Adding a header is easy. Agreeing on what the header means is where organizations discover whether they actually understand themselves. Product domains, customer tiers, support categories, revenue attribution, legal constraints, and data-sensitivity classes are social contracts before they are telemetry fields. If engineering invents them alone, they become operational labels nobody in finance or product trusts. If business teams invent them without platform constraints, they become PowerPoint categories that do not map cleanly to systems.

The practical answer is shared ownership. Platform teams should define how metadata is propagated, validated, logged, redacted, and queried. Domain owners should define the business vocabulary for their bounded contexts. Security should define data sensitivity and authority boundaries. Finance should align cost-center and allocation fields with normalized billing exports, ideally in a FOCUS-compatible direction. Product and support should say which outcomes matter. None of this sounds like prompt engineering because it is not. It is operating-model engineering.

There is also a privacy trap. Business context is valuable for accounting and governance, but that does not mean every label belongs in the model prompt. Full customer attributes, revenue details, legal classifications, and internal cost-center data should live primarily in telemetry, policy, and routing systems. The model should receive only the minimum context it needs to perform the task. Otherwise “business observability” becomes another way to leak sensitive metadata into traces, prompts, tool calls, and vendor logs.

What builders should implement before the bill gets weird

Start with inventory. List every agent-accessible API, MCP server, model gateway, workflow runner, and tool bridge. Assign an owner to each. Separate read and write capabilities. Require structured metadata for product domain, environment, cost center, workflow, user or service identity, data sensitivity, and intended purpose. Attach those labels at gateways and tool boundaries rather than trusting every agent prompt to remember them.

Then make the accounting observable. Log model usage, token counts, tool calls, API calls, latency, failures, approval events, and downstream SaaS/cloud consumption against the same run ID and business labels. Set budgets per workflow, not just per provider account. Alert on abnormal graph shapes: a support workflow suddenly calling sales-enrichment tools, a coding agent using external search during a private-repo task, or a low-value internal agent consuming premium models all afternoon. Cost control is much easier before the agent becomes a beloved mystery service nobody wants to shut down.
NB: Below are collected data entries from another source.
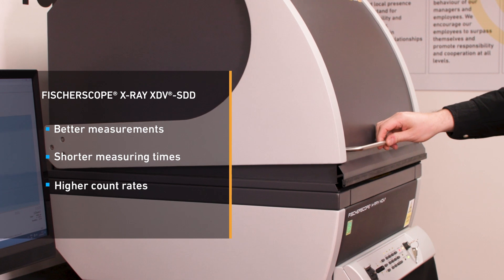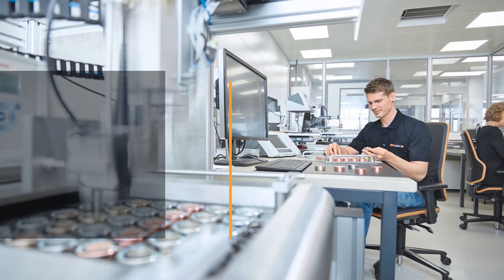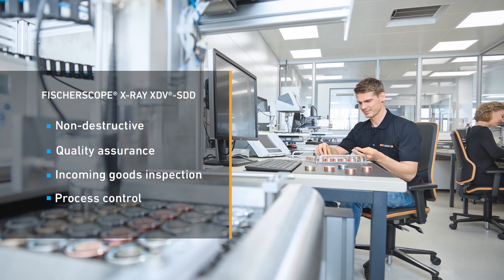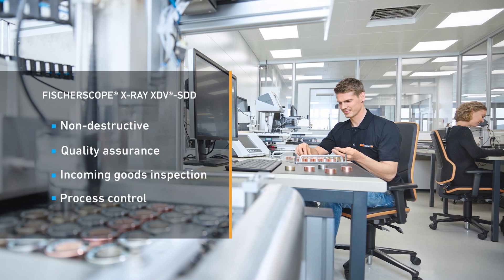Its new DPP Plus processor provides high count rates, shorter measuring times, and improved precision. Its fast, programmable XY stage is the best solution for automated measurements of multiple measuring points in quality assurance and production monitoring.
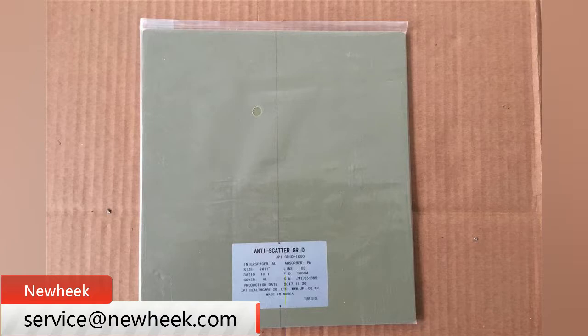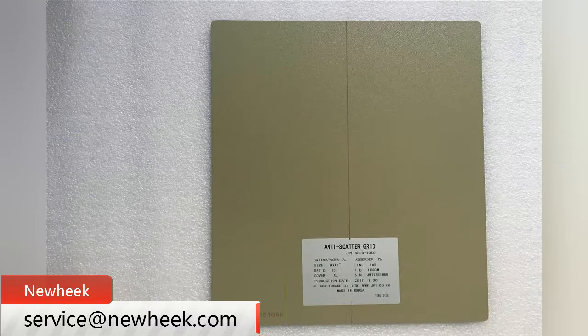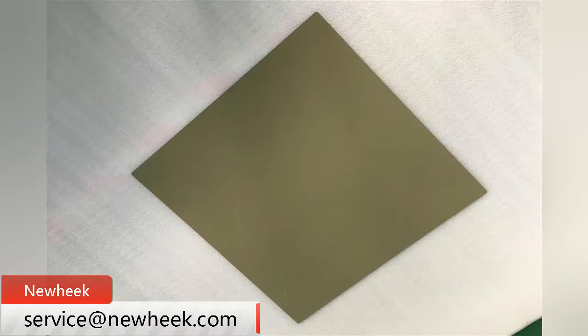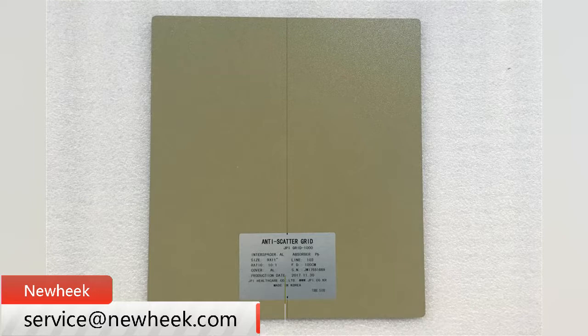Nuheek x-ray grids are mostly focusing filter grids. In the focusing x-ray grid, the lead lines gradually tilt away from the center. The dotted lines drawn by each strip converge at a point above the x-ray grid. This is called the mesh focus — the point where the x-ray tube should be located so that the main light is perfectly aligned with each strip.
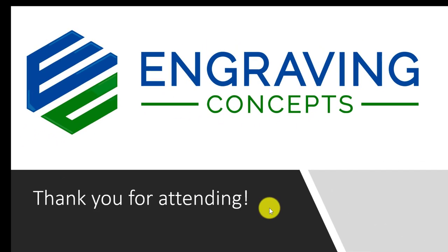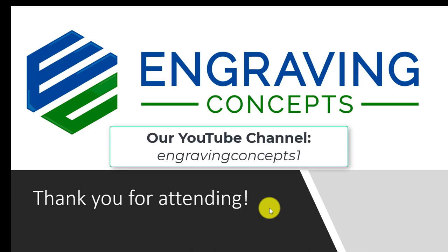Thank you for attending our session five. Go to our YouTube channel if you want to see more videos. Please let us know if you have any questions.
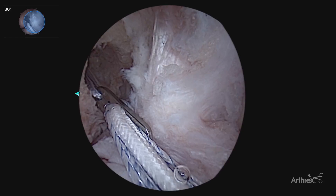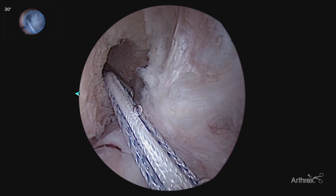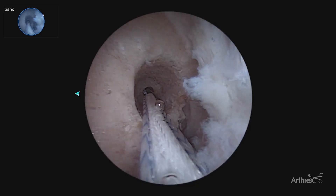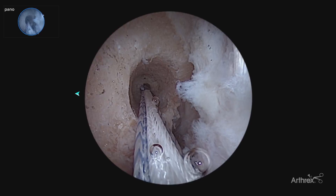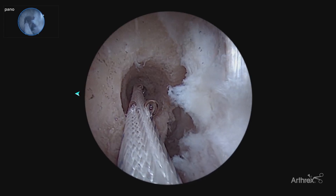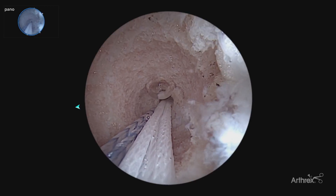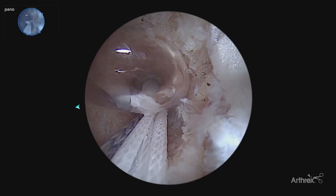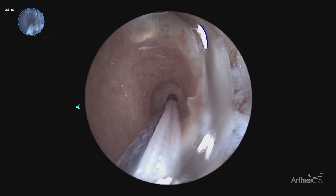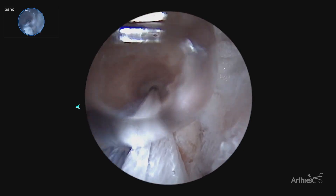Here's our standard 30 degree view of passing our button for our ACL tightrope. With the 30 degree view, we're attempting to look up the tunnel to watch the button flip. By switching to the panoscope, it allows you to look directly up the tunnel with a circumferential view, watching the button pass up the tunnel, allowing for safe visualization of the flipping of the femoral button as we prepare to pass our bone plug. We have dual confirmation — both direct visualization of the button flipping, as well as tactile feedback pulling back to assure that the button has flipped on the far cortex. Referencing our study comparing the 30 to 70 degree scope, now we can see the back wall, assure our bone plug is flush with the back wall — very accurate bone plug placement.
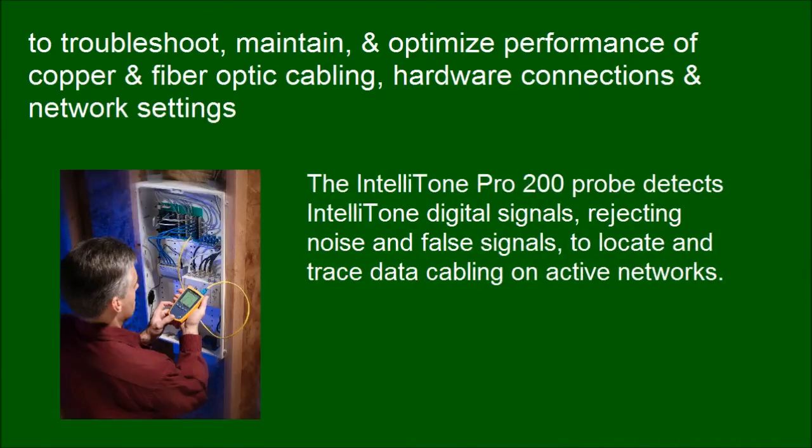The IntelliTone Pro 200 probe detects IntelliTone digital signals, rejecting noise and false signals, to locate and trace data cabling on active networks.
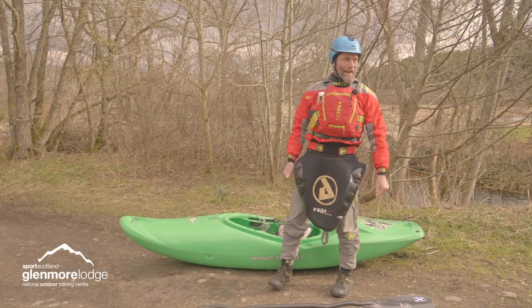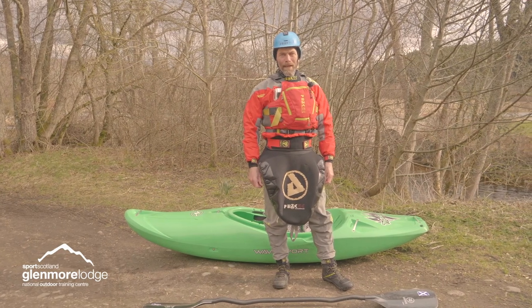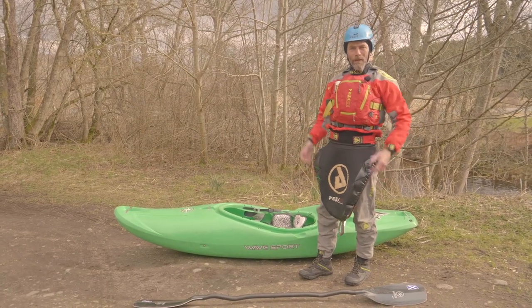Good morning. Here today we're at the Fyndhorn River. This is the middle Fyndhorn and it's a really nice level at 0.4 on the local gauge. I just want to show you a way of picking up your boat that will look after your back and look after your body.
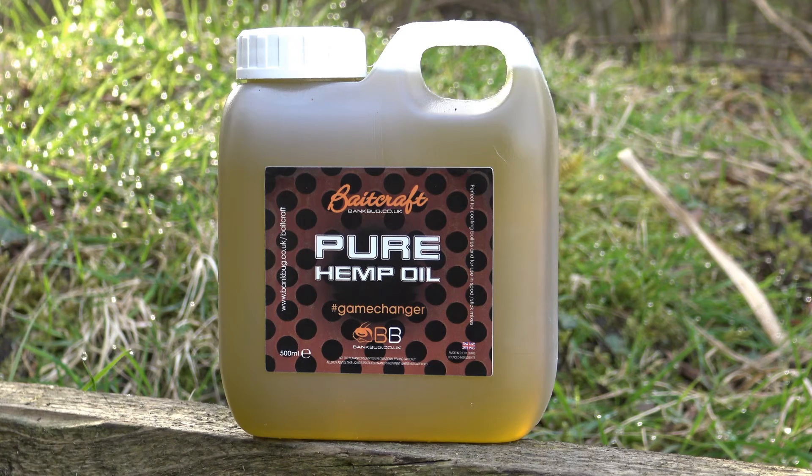We're back to bring you some great products from Baitcraft. Today I'm showing you the liquid range and I'll start you off with the hemp oil, because that's where it all started — we did this to begin with, and through popularity we went further down the range. Now we do the Robin red, molasses, and the salmon oil.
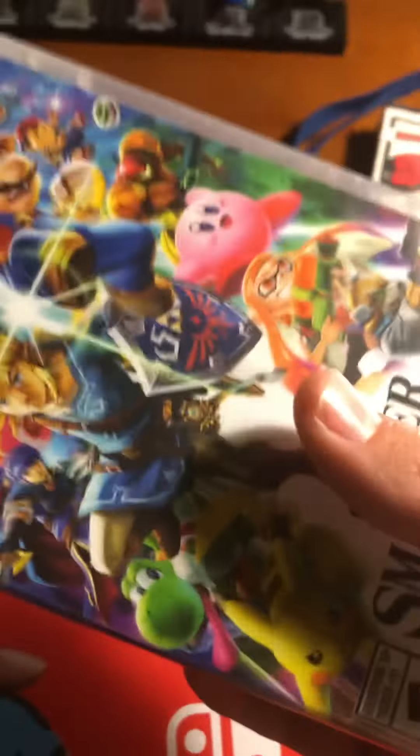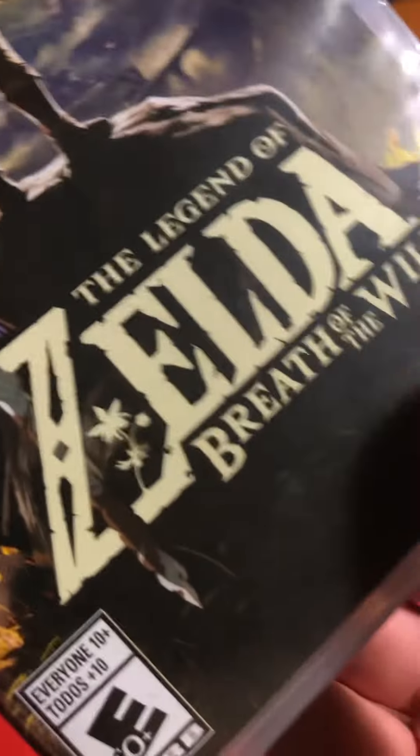Hey guys, so today we're gonna be unboxing the Nintendo Switch that I got for Christmas, along with Smash Bros Ultimate and the Legend of Zelda: Breath of the Wild.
Finally, review MCP and API descriptions like production interfaces. Who owns the server? Which tools are write-capable? Which identities can call them? What data classes can flow through them? Are calls auditable? Are responses redacted before model context? Is there a deprecation path? Can finance attribute the spend? If those questions sound excessive for a demo, fine. But demos are not the problem. The problem is demos that grow roots.

The cloud analogy in Lane’s interview is deliberately sharp: everyone expected cloud bills to be cheaper, and fifteen years later many organizations are still explaining why the bill is ten times what they expected. AI could be worse because agentic systems can create demand on their own. The teams that survive that transition will not be the ones with the prettiest token dashboard. They will be the ones that can connect agent activity to business value before the invoice turns into archaeology.